_WHAT THE TASK REQUIRES_
From the first line of the material below through the line containing "Porsche red and", print every line exactly as it stands, but no pictures.

....................

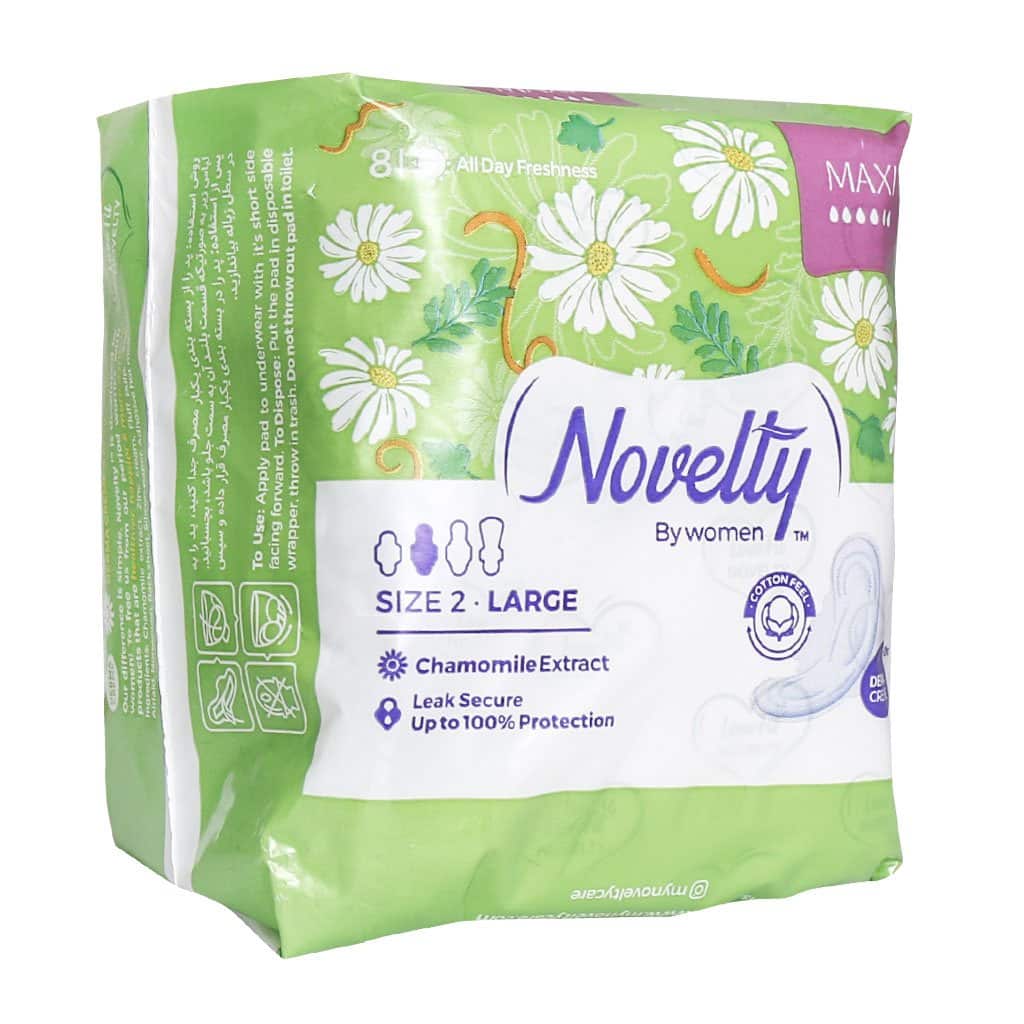 Novelty Maxi Women Pad Cotton Feel 8 pads نوار بهداشتی کتانی سایز بزرگ مکسی ناولتی بالدار و ضخیم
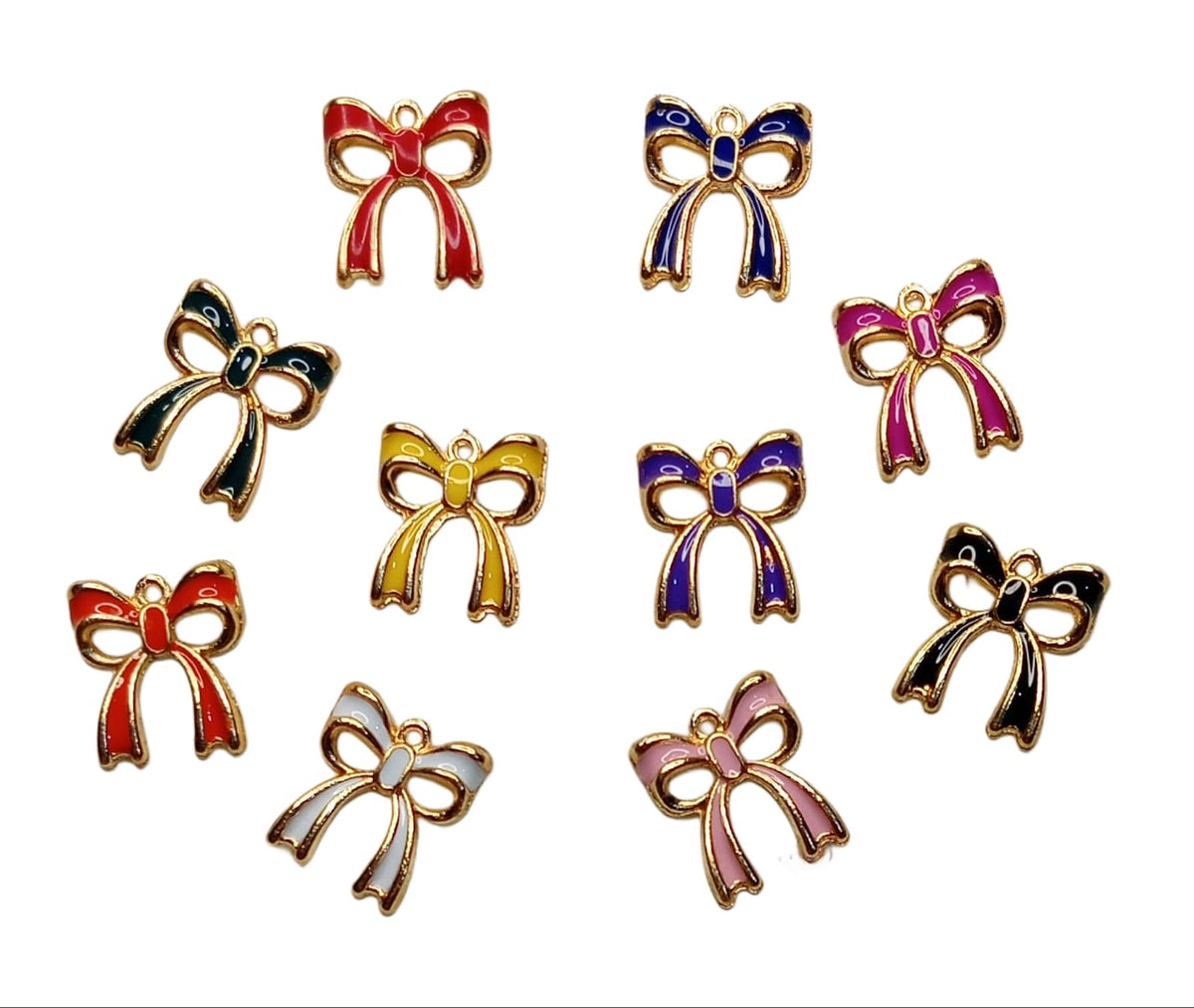10Pcs Enamel Alloy Bow Charms Pink/White/Black Pendant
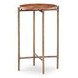 Mosaic Red and Gold Round Travertine Top Joie De Vivre Spot Table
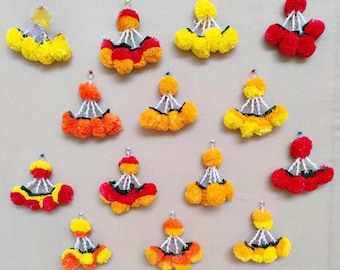Nappe di calendula artificiale all&#39;ingrosso / Decorazioni da parete / Decorazioni floreali Haldi Latkan / Nappe / Decorazioni Bollywood / Palcoscenico Latkans
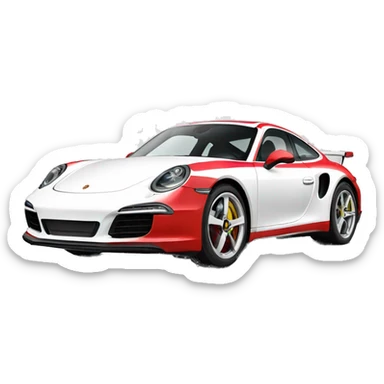 Porsche red and White  sticker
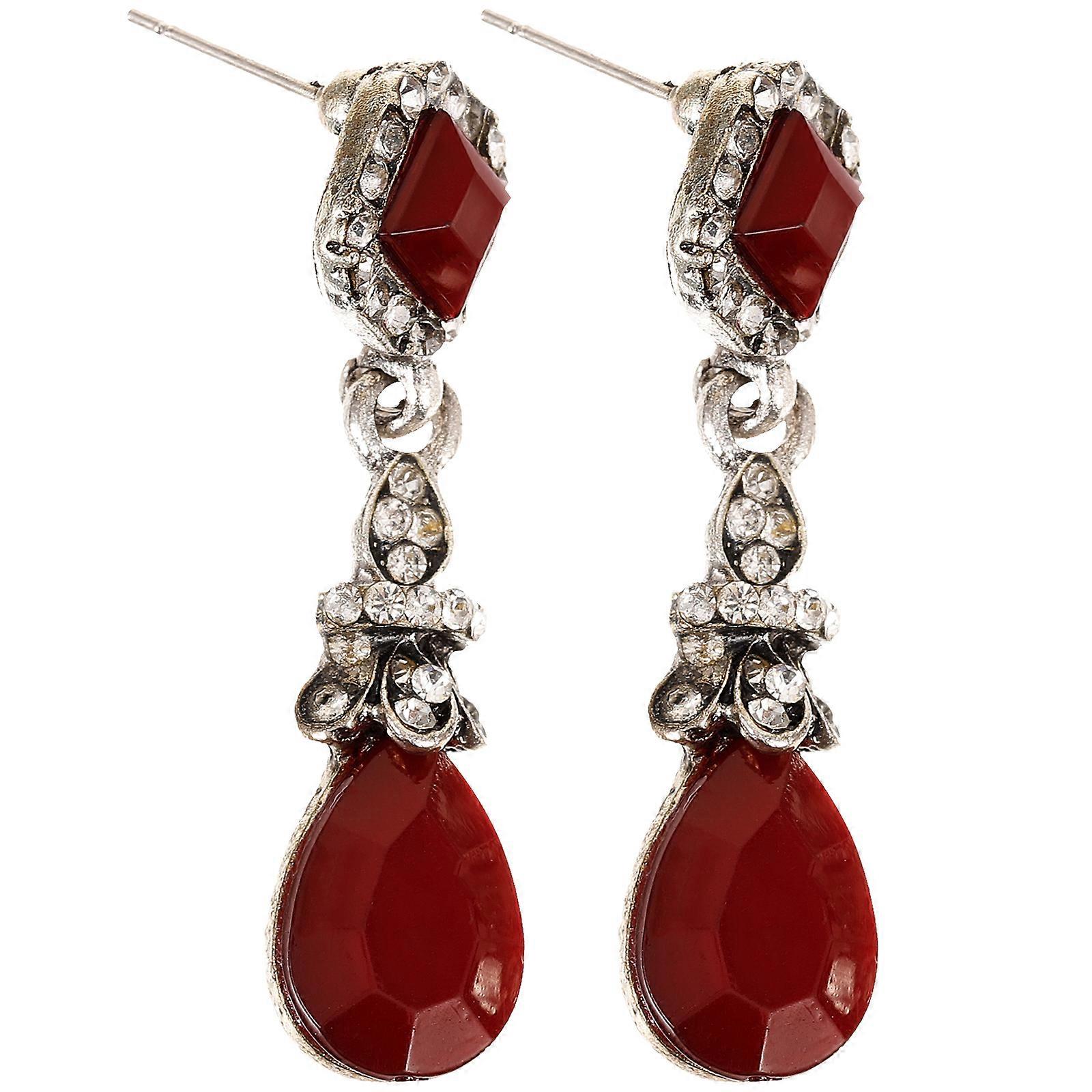 Non Pierced Clip On Earrings Set Vintage Drop Shape Durable Red 2Set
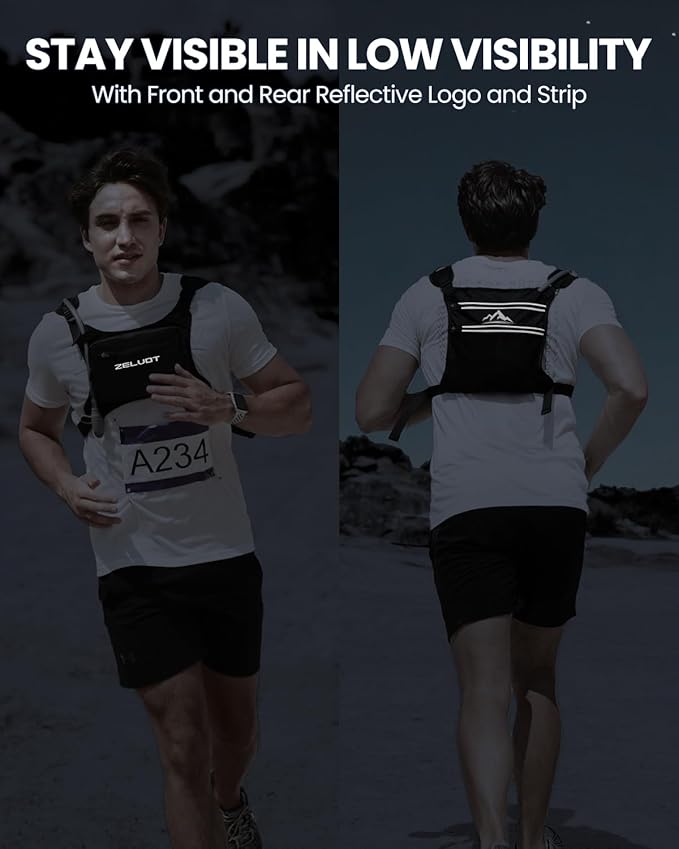 Zelvot Running Vest with 1L Water Bladder, USA Original Patent, Adjustable Reflective Running Hydration Vest, Lightweight Chest Pack for Men Women for Hiking, Cycling
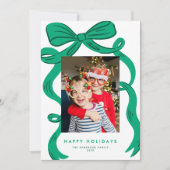 Big Bold Bright Green Bow Christmas Photo Feestdagenkaart (Voorkant)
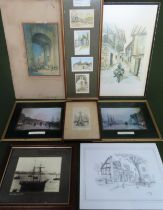 Parcel of various framed and unframed pictures and prints including Peter Pan signed illustration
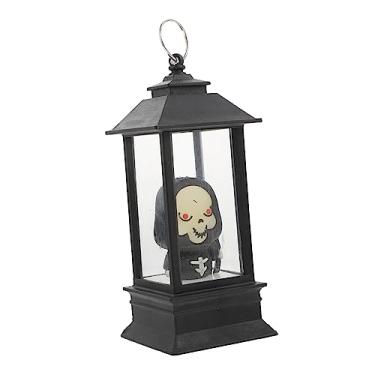 Imagem de ABOOFAN 1Pc Luz De Halloween Lâmpada De Cena De Halloween Vintage Lanterna De Iluminação Externa Halloween Jack O Lanterna Lâmpada De Vento De Halloween Candeeiro De Mesa Ao Ar Livre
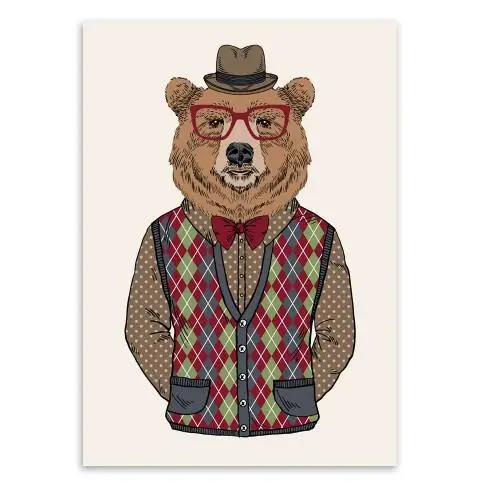 Модные Животные Жираф Зебра Лошадь винтажный художественный печатный плакат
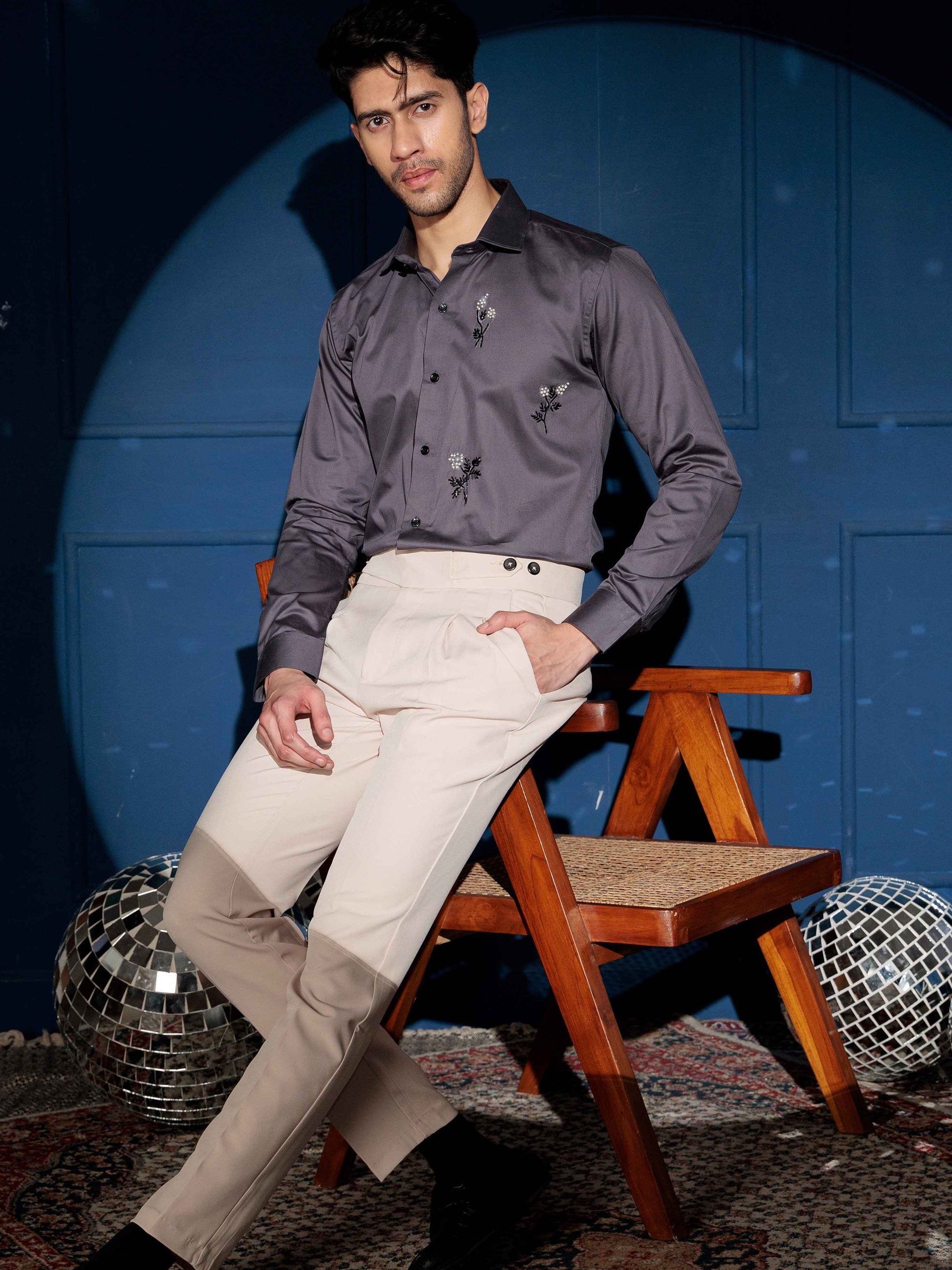 FOOMER FLORAL HD RHINESTONE HAND WORK SATIN COTTON SHIRT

....................

_TASK ANSWER_
 Novelty Maxi Women Pad Cotton Feel 8 pads نوار بهداشتی کتانی سایز بزرگ مکسی ناولتی بالدار و ضخیم
10Pcs Enamel Alloy Bow Charms Pink/White/Black Pendant
 Mosaic Red and Gold Round Travertine Top Joie De Vivre Spot Table
Nappe di calendula artificiale all&#39;ingrosso / Decorazioni da parete / Decorazioni floreali Haldi Latkan / Nappe / Decorazioni Bollywood / Palcoscenico Latkans
 Porsche red and White  sticker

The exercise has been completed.